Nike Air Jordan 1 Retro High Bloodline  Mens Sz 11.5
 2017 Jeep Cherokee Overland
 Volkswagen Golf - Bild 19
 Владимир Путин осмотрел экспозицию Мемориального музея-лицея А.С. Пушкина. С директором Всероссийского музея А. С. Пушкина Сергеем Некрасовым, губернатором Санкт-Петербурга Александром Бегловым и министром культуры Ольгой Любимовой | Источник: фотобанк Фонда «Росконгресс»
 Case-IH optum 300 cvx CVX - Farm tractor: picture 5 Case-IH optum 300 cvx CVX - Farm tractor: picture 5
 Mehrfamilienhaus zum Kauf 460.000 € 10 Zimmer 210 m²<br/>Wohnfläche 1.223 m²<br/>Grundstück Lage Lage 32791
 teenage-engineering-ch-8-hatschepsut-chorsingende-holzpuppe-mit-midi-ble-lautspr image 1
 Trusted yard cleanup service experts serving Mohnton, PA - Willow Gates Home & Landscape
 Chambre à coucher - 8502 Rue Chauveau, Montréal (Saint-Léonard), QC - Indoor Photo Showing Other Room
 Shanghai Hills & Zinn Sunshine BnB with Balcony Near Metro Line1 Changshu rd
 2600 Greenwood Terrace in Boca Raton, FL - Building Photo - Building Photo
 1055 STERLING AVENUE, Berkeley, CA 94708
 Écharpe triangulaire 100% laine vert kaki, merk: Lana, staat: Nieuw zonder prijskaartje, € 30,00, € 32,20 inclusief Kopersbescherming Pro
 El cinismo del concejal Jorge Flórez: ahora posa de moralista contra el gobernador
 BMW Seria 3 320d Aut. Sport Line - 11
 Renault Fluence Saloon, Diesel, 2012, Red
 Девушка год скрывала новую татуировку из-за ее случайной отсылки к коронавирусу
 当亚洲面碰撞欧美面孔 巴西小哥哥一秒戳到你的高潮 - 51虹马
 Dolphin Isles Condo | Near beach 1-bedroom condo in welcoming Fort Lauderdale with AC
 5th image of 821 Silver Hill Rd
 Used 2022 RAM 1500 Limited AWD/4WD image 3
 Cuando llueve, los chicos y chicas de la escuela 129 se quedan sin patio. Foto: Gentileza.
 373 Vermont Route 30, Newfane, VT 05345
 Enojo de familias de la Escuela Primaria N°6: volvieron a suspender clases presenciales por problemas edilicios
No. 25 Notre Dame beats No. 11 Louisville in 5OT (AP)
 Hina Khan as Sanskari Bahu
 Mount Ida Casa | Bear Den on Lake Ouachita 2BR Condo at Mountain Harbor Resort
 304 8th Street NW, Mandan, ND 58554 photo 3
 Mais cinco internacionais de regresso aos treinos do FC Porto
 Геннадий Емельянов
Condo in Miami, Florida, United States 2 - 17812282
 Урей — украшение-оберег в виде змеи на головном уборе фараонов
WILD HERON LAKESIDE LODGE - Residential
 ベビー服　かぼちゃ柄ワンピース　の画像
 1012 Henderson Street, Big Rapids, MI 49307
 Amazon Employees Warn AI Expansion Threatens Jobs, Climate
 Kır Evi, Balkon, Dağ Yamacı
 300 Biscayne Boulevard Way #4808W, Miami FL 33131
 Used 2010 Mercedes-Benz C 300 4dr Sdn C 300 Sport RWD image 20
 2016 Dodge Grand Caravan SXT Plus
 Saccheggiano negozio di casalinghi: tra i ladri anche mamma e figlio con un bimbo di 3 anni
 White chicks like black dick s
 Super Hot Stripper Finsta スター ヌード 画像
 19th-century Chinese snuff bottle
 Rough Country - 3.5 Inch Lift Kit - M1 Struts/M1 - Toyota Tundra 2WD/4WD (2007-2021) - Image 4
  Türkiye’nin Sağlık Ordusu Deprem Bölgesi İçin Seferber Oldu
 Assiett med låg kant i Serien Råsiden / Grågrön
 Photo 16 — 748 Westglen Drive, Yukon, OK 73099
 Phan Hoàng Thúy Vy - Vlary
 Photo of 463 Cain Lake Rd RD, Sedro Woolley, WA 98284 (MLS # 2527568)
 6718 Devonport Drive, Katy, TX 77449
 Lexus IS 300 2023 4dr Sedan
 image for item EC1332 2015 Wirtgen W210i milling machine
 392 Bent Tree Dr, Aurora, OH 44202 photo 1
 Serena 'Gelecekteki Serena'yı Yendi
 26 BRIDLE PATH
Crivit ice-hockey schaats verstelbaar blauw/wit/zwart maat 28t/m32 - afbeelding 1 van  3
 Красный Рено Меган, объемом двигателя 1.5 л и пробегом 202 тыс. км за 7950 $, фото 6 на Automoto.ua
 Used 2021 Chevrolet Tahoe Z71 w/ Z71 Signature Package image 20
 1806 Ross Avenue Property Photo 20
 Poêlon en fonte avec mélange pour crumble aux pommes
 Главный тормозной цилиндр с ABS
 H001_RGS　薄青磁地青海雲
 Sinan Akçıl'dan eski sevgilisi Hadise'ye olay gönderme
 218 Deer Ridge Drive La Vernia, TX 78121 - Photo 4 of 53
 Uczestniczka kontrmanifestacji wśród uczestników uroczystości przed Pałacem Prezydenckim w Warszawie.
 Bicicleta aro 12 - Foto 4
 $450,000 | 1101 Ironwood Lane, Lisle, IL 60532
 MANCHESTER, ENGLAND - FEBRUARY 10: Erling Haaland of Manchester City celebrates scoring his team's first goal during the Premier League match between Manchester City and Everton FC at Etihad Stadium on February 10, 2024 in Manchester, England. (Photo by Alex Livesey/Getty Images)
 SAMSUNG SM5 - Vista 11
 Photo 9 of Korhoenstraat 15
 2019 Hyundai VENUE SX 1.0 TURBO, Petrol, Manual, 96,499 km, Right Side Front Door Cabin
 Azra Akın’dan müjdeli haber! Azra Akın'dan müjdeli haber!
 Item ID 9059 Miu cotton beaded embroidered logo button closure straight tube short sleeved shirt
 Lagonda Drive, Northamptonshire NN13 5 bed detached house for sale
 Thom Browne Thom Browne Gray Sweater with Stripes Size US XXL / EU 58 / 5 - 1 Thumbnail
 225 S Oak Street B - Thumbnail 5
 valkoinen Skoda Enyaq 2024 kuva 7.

==============================

From the entries above, return exactly the line containing "Enojo de familias", the line containing "White chicks like black dick s", and all lines between, and nothing else.

### Exercise output
 Enojo de familias de la Escuela Primaria N°6: volvieron a suspender clases presenciales por problemas edilicios
No. 25 Notre Dame beats No. 11 Louisville in 5OT (AP)
 Hina Khan as Sanskari Bahu
 Mount Ida Casa | Bear Den on Lake Ouachita 2BR Condo at Mountain Harbor Resort
 304 8th Street NW, Mandan, ND 58554 photo 3
 Mais cinco internacionais de regresso aos treinos do FC Porto
 Геннадий Емельянов
Condo in Miami, Florida, United States 2 - 17812282
 Урей — украшение-оберег в виде змеи на головном уборе фараонов
WILD HERON LAKESIDE LODGE - Residential
 ベビー服　かぼちゃ柄ワンピース　の画像
 1012 Henderson Street, Big Rapids, MI 49307
 Amazon Employees Warn AI Expansion Threatens Jobs, Climate
 Kır Evi, Balkon, Dağ Yamacı
 300 Biscayne Boulevard Way #4808W, Miami FL 33131
 Used 2010 Mercedes-Benz C 300 4dr Sdn C 300 Sport RWD image 20
 2016 Dodge Grand Caravan SXT Plus
 Saccheggiano negozio di casalinghi: tra i ladri anche mamma e figlio con un bimbo di 3 anni
 White chicks like black dick s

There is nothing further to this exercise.